Il reste possible d'accélérer la couverture du Grand Paris existant par un dense réseau de transports en commun, au lieu d'en faire un outil pour urbaniser ce qui ne l'est pas encore.
Il reste possible de loger des jeunes ménages, moyennant un surhaussement modéré du bâti existant, en encourageant les retraités désormais logés « trop au large » à rejoindre de petites villes, et non à s'isoler dans des lotissements mitant les terres agricoles.
Il reste possible de ramener les commerces vers les centres-villes et de créer des hôtels de télétravail.
Il reste possible de doter les métropoles et leurs banlieues de véritables centres intrarégionaux.
Mais ce polycentrisme renouvelé exige un grand retour de la planification urbaine, qui exigera une contractualisation plus poussée des parcours professionnels permettant enfin d'offrir aux gens la possibilité de travailler là où ils vivent, plutôt qu'ils se voient obligés de déménager là où ils ont quelques chances de trouver un emploi.

  1. Refaire la cité. Diversité et politique des quartiers populaires, Seuil, « La république des idées », 2013.

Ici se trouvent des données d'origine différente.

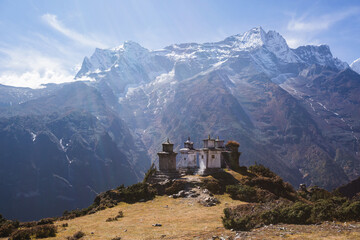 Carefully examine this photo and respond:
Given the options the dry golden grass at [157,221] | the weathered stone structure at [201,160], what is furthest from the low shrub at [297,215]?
the weathered stone structure at [201,160]

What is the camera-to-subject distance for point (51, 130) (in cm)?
19275

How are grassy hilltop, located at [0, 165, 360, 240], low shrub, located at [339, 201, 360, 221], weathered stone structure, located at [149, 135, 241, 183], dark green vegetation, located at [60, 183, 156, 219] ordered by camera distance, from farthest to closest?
weathered stone structure, located at [149, 135, 241, 183] → dark green vegetation, located at [60, 183, 156, 219] → low shrub, located at [339, 201, 360, 221] → grassy hilltop, located at [0, 165, 360, 240]

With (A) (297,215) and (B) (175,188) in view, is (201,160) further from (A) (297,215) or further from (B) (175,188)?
(A) (297,215)

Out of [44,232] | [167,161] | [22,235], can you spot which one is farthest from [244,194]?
[22,235]

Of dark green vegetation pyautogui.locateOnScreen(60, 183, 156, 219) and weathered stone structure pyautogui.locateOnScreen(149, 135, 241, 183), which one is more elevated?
weathered stone structure pyautogui.locateOnScreen(149, 135, 241, 183)

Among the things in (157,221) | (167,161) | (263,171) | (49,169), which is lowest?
(49,169)

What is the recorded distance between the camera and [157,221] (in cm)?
2175

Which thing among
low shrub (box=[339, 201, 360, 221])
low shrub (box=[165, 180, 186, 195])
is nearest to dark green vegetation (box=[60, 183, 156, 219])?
low shrub (box=[165, 180, 186, 195])

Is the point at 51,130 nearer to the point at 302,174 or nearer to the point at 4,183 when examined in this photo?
the point at 4,183

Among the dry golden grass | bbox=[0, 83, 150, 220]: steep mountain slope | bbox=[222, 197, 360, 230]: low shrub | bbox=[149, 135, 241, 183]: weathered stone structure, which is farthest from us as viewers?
bbox=[0, 83, 150, 220]: steep mountain slope

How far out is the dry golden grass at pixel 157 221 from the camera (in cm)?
1766

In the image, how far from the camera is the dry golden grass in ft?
57.9

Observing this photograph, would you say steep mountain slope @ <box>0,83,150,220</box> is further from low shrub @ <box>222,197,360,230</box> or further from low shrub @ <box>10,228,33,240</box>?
low shrub @ <box>222,197,360,230</box>

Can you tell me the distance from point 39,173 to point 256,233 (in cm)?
16655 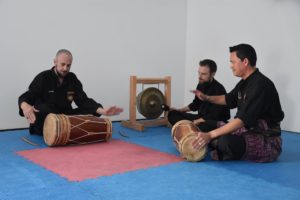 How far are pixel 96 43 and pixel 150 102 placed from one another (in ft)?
3.94

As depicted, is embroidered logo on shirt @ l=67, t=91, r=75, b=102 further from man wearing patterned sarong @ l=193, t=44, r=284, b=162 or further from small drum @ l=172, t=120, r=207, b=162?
man wearing patterned sarong @ l=193, t=44, r=284, b=162

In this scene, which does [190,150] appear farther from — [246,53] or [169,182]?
[246,53]

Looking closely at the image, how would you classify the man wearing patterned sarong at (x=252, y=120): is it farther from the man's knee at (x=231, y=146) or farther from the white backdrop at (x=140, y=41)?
the white backdrop at (x=140, y=41)

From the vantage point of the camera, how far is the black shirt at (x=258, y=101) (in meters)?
3.14

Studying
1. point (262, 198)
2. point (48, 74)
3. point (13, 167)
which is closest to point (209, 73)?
point (48, 74)

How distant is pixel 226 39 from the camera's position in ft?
19.1

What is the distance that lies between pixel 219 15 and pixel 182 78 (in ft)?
4.25

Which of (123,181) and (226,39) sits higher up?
(226,39)

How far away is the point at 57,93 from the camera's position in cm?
421

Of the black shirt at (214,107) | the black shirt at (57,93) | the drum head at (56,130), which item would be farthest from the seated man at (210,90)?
the drum head at (56,130)

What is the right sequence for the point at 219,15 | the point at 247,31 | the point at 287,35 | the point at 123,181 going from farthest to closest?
1. the point at 219,15
2. the point at 247,31
3. the point at 287,35
4. the point at 123,181

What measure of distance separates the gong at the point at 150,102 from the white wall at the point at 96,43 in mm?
730

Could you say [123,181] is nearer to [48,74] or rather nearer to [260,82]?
[260,82]

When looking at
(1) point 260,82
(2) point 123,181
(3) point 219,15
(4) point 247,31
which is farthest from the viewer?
(3) point 219,15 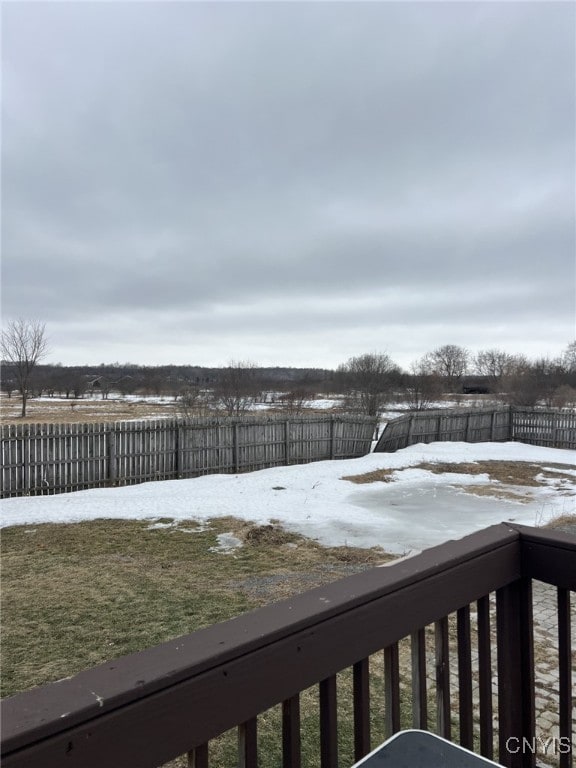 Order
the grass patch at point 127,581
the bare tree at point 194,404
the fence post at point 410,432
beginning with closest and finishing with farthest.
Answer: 1. the grass patch at point 127,581
2. the fence post at point 410,432
3. the bare tree at point 194,404

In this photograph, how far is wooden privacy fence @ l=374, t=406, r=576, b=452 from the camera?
18016mm

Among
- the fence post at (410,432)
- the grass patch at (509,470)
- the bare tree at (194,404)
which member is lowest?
the grass patch at (509,470)

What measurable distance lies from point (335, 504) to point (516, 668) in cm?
809

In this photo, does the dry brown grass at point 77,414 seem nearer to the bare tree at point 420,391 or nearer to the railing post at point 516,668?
the bare tree at point 420,391

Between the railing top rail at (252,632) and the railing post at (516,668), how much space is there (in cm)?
11

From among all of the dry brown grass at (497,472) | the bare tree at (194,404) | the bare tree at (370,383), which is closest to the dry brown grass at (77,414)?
the bare tree at (194,404)

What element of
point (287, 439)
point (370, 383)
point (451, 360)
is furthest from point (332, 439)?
point (451, 360)

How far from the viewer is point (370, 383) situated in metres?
32.6

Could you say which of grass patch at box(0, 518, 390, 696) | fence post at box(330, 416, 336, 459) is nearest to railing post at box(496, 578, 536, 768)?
grass patch at box(0, 518, 390, 696)

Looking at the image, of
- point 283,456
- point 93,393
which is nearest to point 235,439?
point 283,456

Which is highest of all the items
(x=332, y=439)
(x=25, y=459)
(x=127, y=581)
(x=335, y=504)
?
(x=25, y=459)

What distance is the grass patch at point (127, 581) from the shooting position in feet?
13.7

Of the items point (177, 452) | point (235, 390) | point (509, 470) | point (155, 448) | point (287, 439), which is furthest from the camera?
point (235, 390)

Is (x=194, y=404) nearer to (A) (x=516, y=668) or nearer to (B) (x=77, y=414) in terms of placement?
(B) (x=77, y=414) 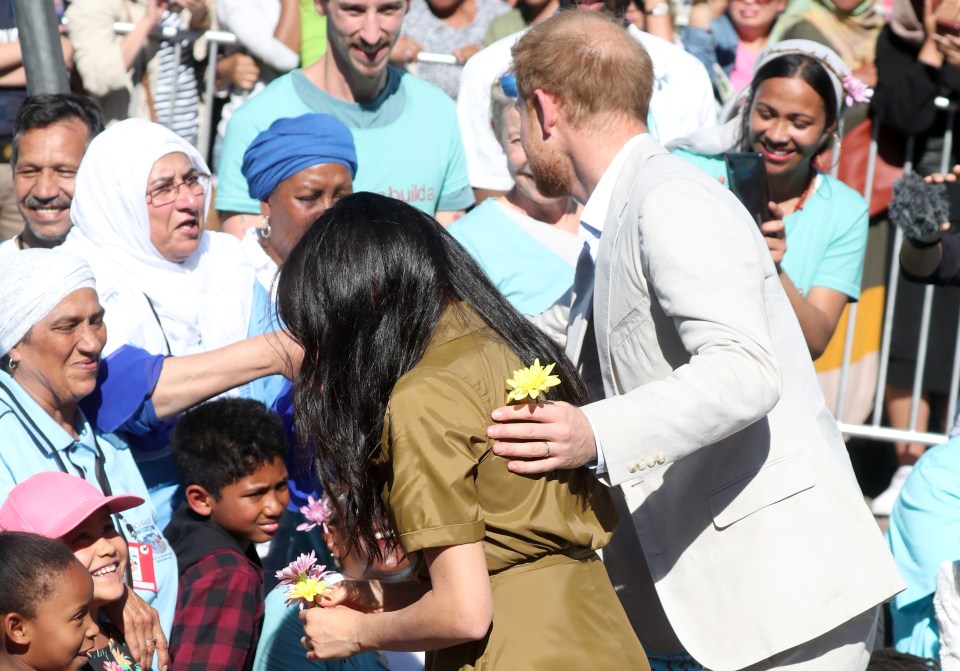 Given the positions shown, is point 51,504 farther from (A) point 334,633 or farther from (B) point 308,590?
(A) point 334,633

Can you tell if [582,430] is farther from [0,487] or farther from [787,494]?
[0,487]

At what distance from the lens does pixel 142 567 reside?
3.47 meters

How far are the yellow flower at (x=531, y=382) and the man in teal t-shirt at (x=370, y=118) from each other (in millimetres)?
2689

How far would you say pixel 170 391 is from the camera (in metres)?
3.71

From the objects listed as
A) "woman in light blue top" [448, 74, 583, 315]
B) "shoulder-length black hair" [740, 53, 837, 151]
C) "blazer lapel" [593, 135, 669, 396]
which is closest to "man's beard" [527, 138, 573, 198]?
"blazer lapel" [593, 135, 669, 396]

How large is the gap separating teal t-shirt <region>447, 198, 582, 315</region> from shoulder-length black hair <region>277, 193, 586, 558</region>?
71.2 inches

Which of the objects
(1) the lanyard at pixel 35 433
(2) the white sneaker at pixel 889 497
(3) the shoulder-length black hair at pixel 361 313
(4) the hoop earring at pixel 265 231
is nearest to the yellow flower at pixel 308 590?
(3) the shoulder-length black hair at pixel 361 313

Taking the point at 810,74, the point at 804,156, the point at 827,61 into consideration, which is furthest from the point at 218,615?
the point at 827,61

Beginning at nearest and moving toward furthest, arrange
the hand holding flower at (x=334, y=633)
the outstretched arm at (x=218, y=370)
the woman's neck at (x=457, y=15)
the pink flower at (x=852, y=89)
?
the hand holding flower at (x=334, y=633) → the outstretched arm at (x=218, y=370) → the pink flower at (x=852, y=89) → the woman's neck at (x=457, y=15)

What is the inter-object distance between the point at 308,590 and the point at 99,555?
32.7 inches

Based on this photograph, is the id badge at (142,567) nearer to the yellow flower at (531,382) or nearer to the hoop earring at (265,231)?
the hoop earring at (265,231)

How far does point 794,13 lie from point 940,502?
10.0 ft

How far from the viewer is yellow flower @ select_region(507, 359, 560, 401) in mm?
2326

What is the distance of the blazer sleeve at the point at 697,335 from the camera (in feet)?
7.95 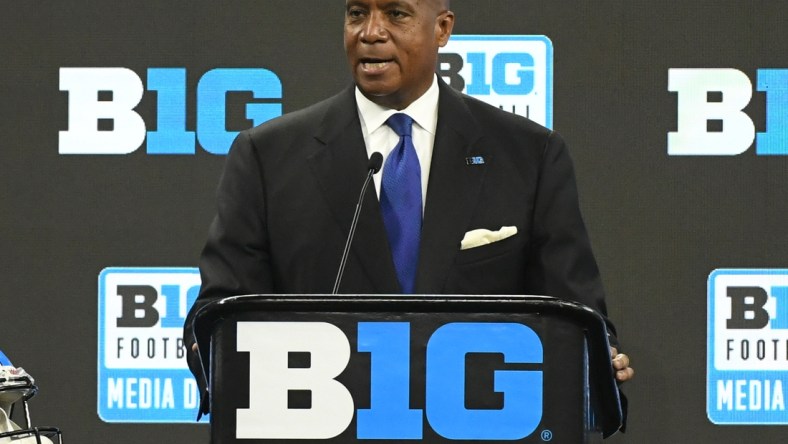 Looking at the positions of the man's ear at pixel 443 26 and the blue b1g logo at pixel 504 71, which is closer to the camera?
the man's ear at pixel 443 26

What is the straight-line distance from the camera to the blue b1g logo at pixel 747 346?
3.68m

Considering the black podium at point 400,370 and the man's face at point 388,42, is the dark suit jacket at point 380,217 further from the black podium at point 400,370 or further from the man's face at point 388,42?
the black podium at point 400,370

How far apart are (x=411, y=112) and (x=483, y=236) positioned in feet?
1.05

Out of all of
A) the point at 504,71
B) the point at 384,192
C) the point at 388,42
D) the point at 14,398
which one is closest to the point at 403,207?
the point at 384,192

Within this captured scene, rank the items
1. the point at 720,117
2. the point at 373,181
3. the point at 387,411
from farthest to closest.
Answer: the point at 720,117
the point at 373,181
the point at 387,411

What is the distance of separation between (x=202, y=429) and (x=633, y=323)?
4.52 ft

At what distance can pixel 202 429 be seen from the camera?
3779 millimetres

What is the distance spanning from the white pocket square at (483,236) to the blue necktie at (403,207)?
0.09 meters

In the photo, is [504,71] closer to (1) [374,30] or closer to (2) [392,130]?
(2) [392,130]

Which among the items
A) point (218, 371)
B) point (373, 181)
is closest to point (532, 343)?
point (218, 371)

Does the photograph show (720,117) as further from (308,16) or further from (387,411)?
(387,411)

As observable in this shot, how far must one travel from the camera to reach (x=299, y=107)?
378 cm

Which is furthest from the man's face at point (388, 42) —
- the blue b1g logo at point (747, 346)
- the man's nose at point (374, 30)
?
the blue b1g logo at point (747, 346)

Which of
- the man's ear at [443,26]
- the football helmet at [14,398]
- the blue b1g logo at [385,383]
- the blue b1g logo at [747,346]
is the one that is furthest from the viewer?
the blue b1g logo at [747,346] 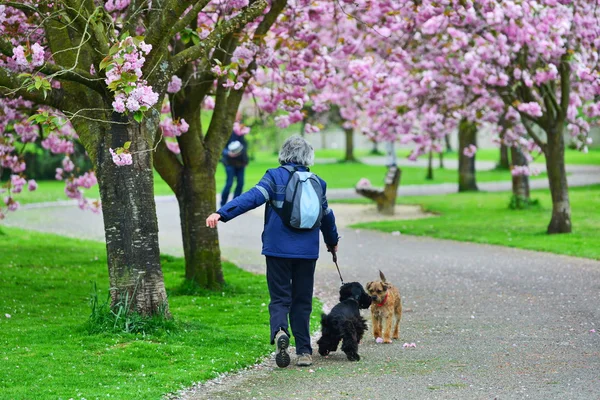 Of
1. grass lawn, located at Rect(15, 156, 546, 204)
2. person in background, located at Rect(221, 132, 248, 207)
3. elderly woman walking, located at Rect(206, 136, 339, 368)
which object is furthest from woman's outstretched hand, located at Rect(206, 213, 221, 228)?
grass lawn, located at Rect(15, 156, 546, 204)

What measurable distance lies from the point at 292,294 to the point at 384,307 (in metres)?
1.11

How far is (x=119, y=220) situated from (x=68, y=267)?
6.52 metres

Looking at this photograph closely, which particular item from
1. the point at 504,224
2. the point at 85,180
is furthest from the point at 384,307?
the point at 504,224

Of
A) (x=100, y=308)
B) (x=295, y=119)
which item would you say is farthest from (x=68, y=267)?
(x=100, y=308)

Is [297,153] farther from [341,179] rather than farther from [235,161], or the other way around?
[341,179]

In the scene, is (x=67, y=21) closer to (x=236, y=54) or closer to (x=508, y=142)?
(x=236, y=54)

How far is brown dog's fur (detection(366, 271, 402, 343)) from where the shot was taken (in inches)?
352

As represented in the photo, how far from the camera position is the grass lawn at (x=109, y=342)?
718 cm

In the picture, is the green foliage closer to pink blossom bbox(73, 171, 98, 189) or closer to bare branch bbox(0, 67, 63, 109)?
pink blossom bbox(73, 171, 98, 189)

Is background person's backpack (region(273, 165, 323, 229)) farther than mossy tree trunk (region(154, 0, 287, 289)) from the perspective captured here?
No

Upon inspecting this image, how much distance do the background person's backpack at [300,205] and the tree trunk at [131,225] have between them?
67.4 inches

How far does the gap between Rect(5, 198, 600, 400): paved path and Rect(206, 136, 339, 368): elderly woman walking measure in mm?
320

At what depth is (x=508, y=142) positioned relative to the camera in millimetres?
22391

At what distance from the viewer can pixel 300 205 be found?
7.99m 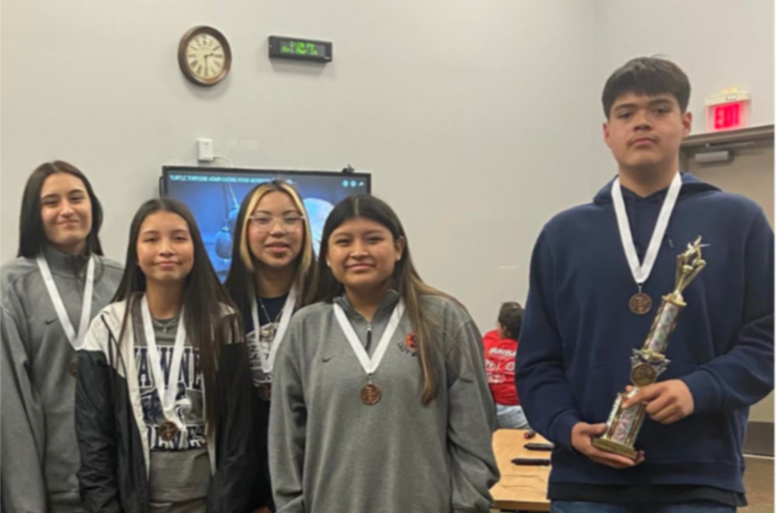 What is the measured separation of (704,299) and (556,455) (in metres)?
0.41

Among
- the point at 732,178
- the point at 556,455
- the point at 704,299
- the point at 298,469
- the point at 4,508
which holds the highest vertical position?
the point at 732,178

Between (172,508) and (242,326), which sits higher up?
(242,326)

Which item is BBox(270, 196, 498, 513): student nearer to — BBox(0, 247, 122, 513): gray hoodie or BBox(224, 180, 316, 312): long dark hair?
BBox(224, 180, 316, 312): long dark hair

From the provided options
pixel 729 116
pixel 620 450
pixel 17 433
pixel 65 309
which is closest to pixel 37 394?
pixel 17 433

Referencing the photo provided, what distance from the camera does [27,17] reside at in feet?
12.8

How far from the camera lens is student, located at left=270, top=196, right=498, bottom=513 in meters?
1.72

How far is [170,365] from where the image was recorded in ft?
6.27

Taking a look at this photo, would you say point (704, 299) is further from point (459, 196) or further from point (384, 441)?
point (459, 196)

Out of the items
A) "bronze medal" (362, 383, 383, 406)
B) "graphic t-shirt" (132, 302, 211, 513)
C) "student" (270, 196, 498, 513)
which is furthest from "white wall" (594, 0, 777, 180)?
"graphic t-shirt" (132, 302, 211, 513)

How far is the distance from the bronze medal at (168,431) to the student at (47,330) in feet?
1.11

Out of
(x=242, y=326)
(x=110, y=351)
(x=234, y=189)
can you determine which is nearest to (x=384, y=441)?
(x=242, y=326)

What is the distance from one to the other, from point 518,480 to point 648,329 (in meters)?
1.19

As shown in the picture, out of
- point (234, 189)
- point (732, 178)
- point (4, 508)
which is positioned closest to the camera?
point (732, 178)

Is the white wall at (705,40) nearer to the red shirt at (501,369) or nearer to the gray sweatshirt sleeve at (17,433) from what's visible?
the red shirt at (501,369) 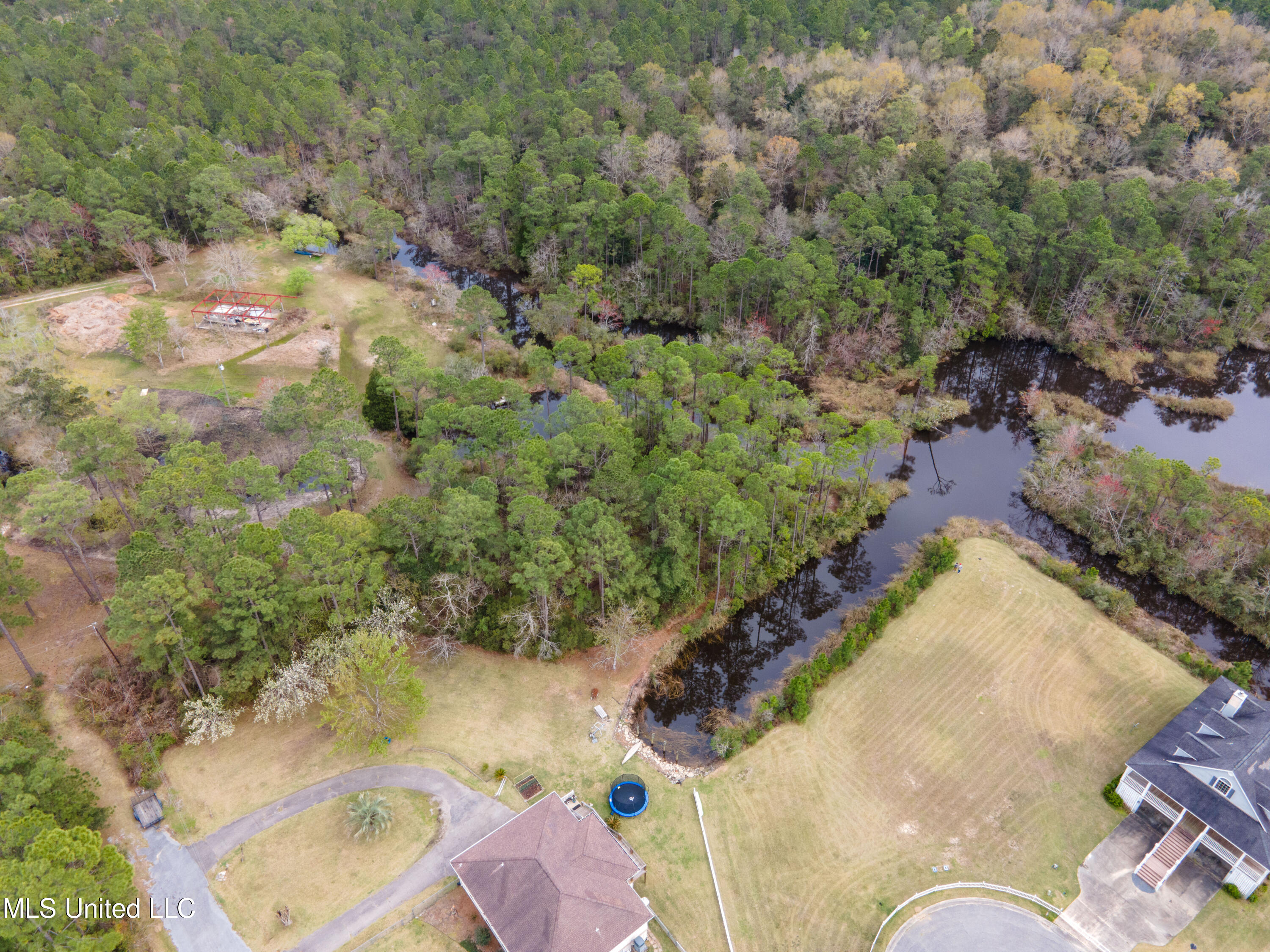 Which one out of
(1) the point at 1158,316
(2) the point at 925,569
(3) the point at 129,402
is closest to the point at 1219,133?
(1) the point at 1158,316

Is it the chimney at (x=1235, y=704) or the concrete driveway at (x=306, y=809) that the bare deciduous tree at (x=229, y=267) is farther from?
the chimney at (x=1235, y=704)

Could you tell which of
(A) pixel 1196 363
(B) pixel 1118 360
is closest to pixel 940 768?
(B) pixel 1118 360

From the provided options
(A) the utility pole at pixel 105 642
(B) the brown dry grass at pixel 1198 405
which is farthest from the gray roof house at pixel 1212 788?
(A) the utility pole at pixel 105 642

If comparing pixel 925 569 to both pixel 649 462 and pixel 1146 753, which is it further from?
pixel 649 462

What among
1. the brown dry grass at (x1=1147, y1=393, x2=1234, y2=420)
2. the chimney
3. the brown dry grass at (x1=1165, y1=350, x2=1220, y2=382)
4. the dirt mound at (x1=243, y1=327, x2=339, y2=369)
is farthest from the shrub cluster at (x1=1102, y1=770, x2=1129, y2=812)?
the dirt mound at (x1=243, y1=327, x2=339, y2=369)

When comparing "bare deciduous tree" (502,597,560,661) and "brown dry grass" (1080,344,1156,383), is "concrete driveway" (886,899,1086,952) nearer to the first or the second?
"bare deciduous tree" (502,597,560,661)

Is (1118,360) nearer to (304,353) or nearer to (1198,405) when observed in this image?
(1198,405) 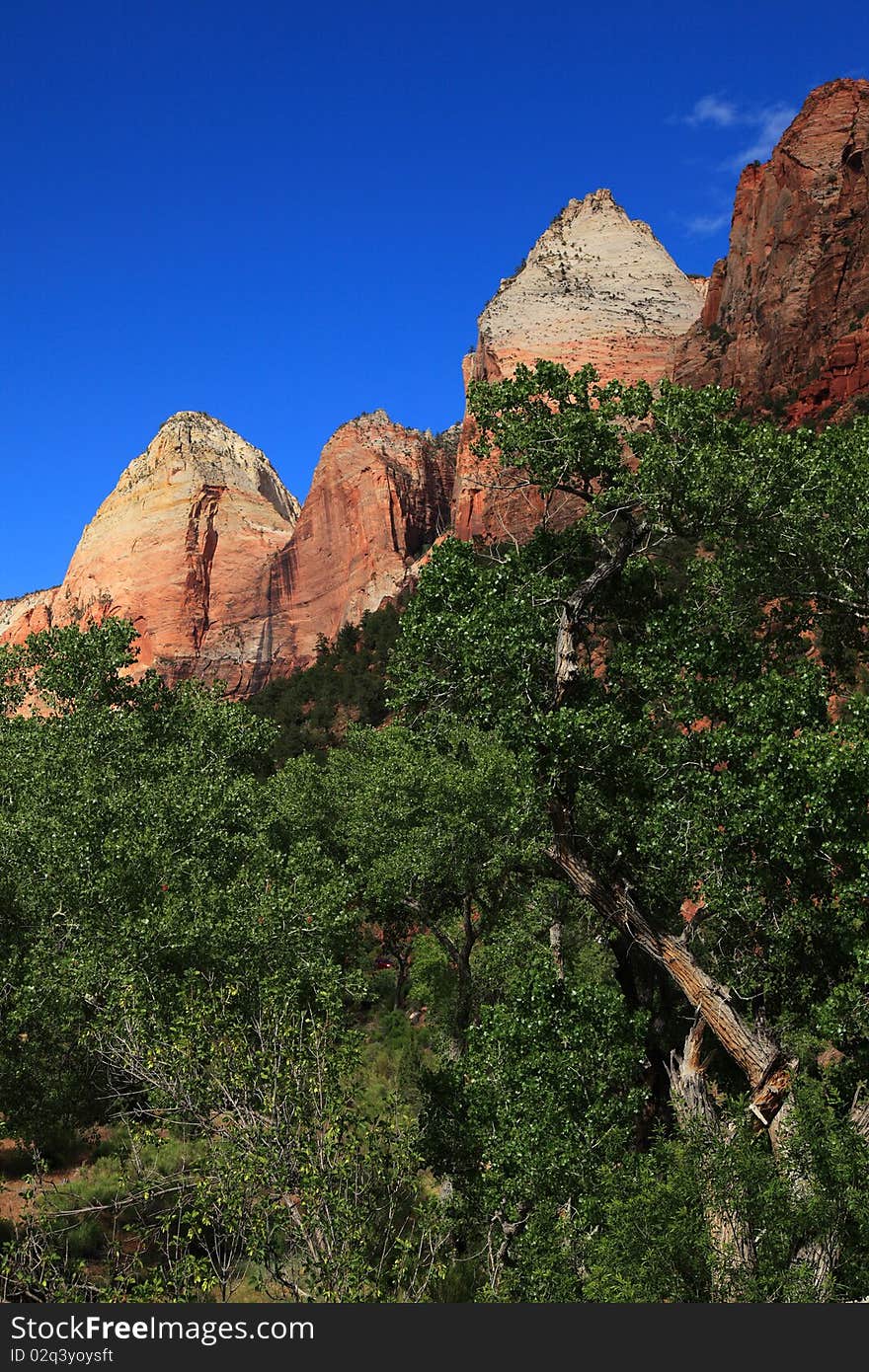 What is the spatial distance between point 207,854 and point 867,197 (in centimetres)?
5405

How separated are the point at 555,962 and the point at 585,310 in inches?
2571

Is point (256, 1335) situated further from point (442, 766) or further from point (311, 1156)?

  2. Sur le lien libéralisme-mégapolisation, voir Alain Lipietz, « Face à la mégapolisation : la bataille d'Île-de-France », 1993. http://lipietz.net/?article573.
  3. « Paris-Métropole : de la pieuvre à la méduse ? » (avec Jacqueline Lorthiois), contribution aux actes du colloque du Front de gauchedu 1er février 2013 : « Métropolisation : les nouveaux enjeux. Le cas de l'Île-de-France », http://lipietz.net/?article2961.
  4. « Le tribut foncier urbain aujourd'hui : le cas de la France », Cahiers marxistes, n° 243, février-mars 2013, http://lipietz.net/?article2941.
  5. Green Deal et Qu'est-ce que l'écologie politique ?, voir bibliographie de l'auteur.
  6. Voir ces arguments écologiques, avec références, dans « Paris-métropole : de la pieuvre à la méduse », déjà cité.